At the beginning of chapter 11 of the Letter to the Hebrews, there’s a definition of faith. ‘Faith gives substance to our hopes and makes us certain of realities we do not see’, (NEB), or ‘faith is the substance of things hoped for, the evidence of things not seen’, according to the King James version.

I’ve been beginning to think about how I’m going to explain God and Jesus and the Holy Spirit to my little grandson Jim. Jim is 19 months old, so his capacity for philosophical reasoning is probably a bit limited, at least for now. But I think it’s a good thing for me to start thinking about how I will be able to explain these things in terms that Jim can understand.

So much of our understanding of God, so much of our religion, involves things we cannot see. In some ways it would be very handy if, in the same ways as with the ancient Greeks, our God periodically came down from heaven and appeared among us: and of course 2,000 years ago, that’s exactly what happened. But these days we are challenged by how to explain that we believe in something, we trust something to be true, that we can’t see and we can’t prove the existence of – at least in the same way as we could prove whether I’m wearing pink socks.

It’s not just religious things: there are a lot of things where in order for our lives to just carry on normally, we need to have faith. I have faith that I will get up next morning and that there’ll be another day. But there’s no way I can prove it. Anything involving the future involves faith. If I turn the ignition key of my car, I have faith that it will start up and go. But I don’t know.

There are some similarities with what Job was talking about. He was praising the idea of wisdom. It was a gift beyond price, unable to be found anywhere specific. If you had wisdom, then you would make fewer mistakes. You would be able to discern the right thing to do.

But if you have faith, it takes it on a further stage. If you believe and trust in something or in someone, depending on how inspiring that figure is, how compelling they are, you will be inspired, you will be able to rise to the highest challenges. Just as with wisdom; you won’t be able to prove it, but it will be real for you. If you have faith that something is the case, then for you, that is reality.
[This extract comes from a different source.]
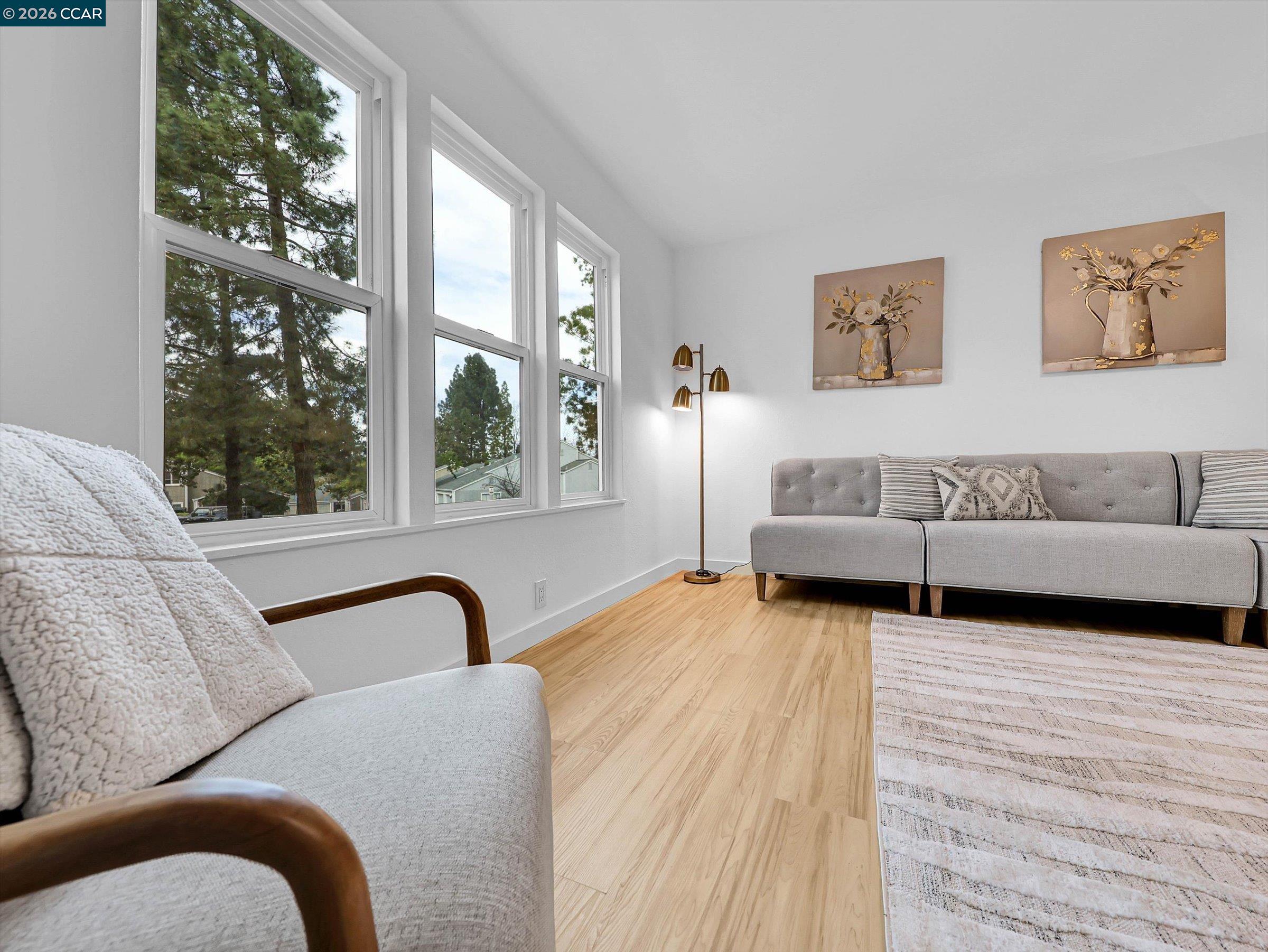 375 Camelback Rd # 23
But there is an extra factor in this, both where wisdom is concerned, and also with faith. And that is, that it isn’t just a question that if I do the right thing, it will make me more successful; or if I have complete faith in, say, a particular diet, then I will achieve spectacular weight loss – well, actually , there may be better examples that you can think of – but the idea, the point, is that wisdom and faith, in this context at least, involve something extra, someone extra: they involve God.

In Job’s world, the fear of the Lord is wisdom, and in the context of the Letter to the Hebrews, in the light of Jesus, faith makes it possible for us to be heroes, to do things which by ourselves we would never be able to do.

I know that my Redeemer liveth.

I know it. It’s wise to believe it. I do believe it. I have faith.